Les musiciens déjà sont assis les jambes croisées, en file, près de la rivière qui traverse les jardins, y dessine deux méandres bleus, où cheminent des processions de tortues, dont on voit affleurer les têtes branlantes. Guitaristes et batteurs de tambourins cherchent le rythme, l’accord, essais gémissans qui passent au ras de l’eau comme des plaintes d’oiseaux blessés.

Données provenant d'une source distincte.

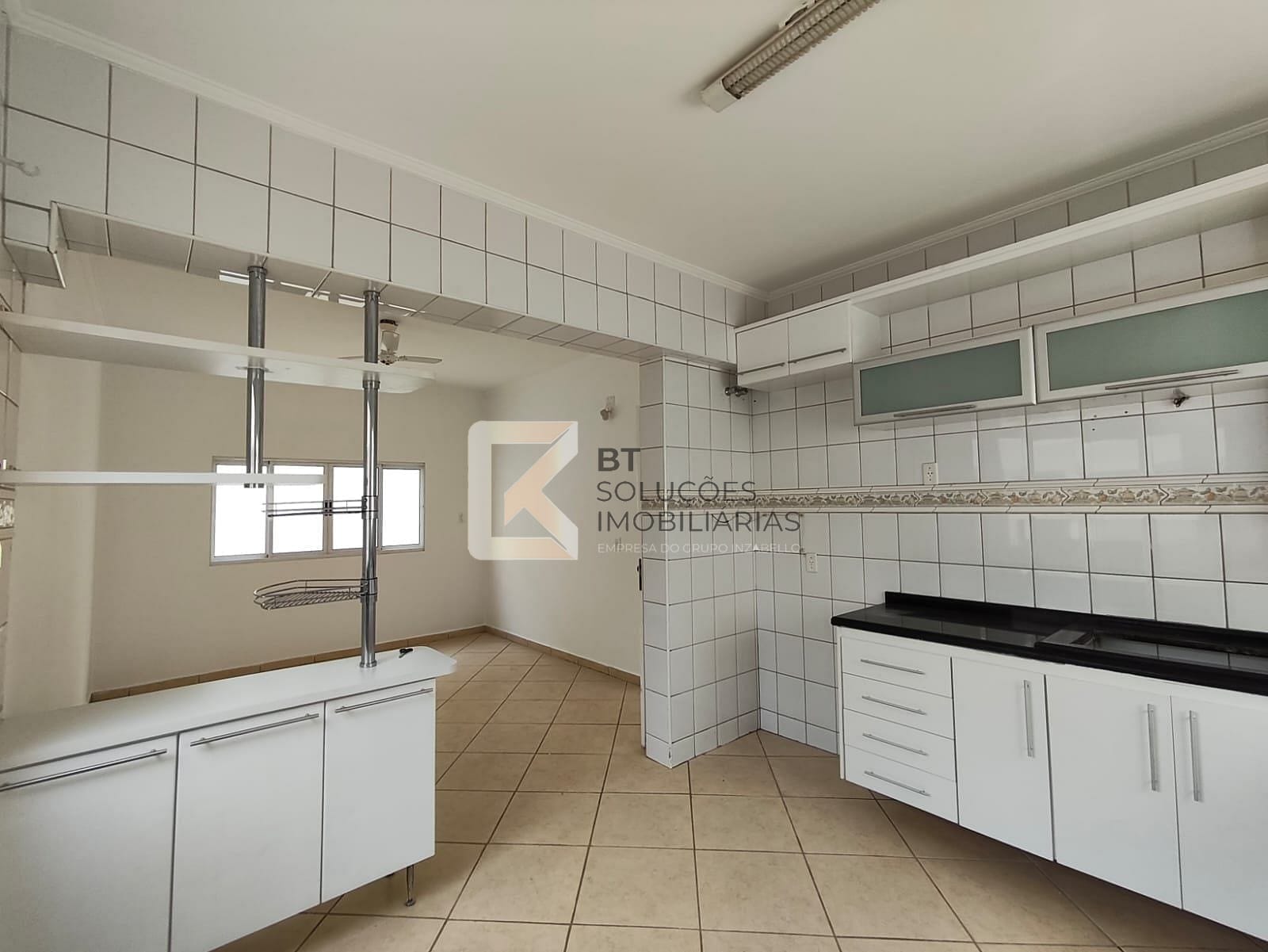 Casa, 3 quartos, 239 m² - Foto 8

Musique arabe ! charme des jours d’Orient, simple et monotone, et pourtant intraduisible comme sont les cris de l’âme, élémentaire comme les premières syllabes que balbutièrent les hommes pour sortir des ténèbres du silence, et manifester les uns pour les autres l’obscure mélancolie de leur être, leur émerveillement devant la beauté des choses ! musique arabe, que l’on reconnaît dès qu’on a mis le pied sur la terre musulmane, la même aux rives d’Asie et au cœur de la sainte cité d’Afrique, signe personnel de l’Islam qui ne saurait tromper, pas plus que les bourdonnemens d’abeilles, les crissemens de cigales, ou les cris d’oiseaux dans les bois, musique naturelle de l’être ignorant qui ne sait qu’un rythme : le battement de son cœur troublé toujours des mêmes angoisses et des mêmes espérances : joie incertaine de vivre, d’aimer, de combattre, certitude triste de mourir ! musique arabe, qui ne varie qu’un thème : l’élan impatient de la vie, qui se précipite à l’amour, et puis s’arrête en soupirs tristes suivis de longs silences : soupirs pareils au souffle suprême de ceux qui meurent sans avoir tout dit !…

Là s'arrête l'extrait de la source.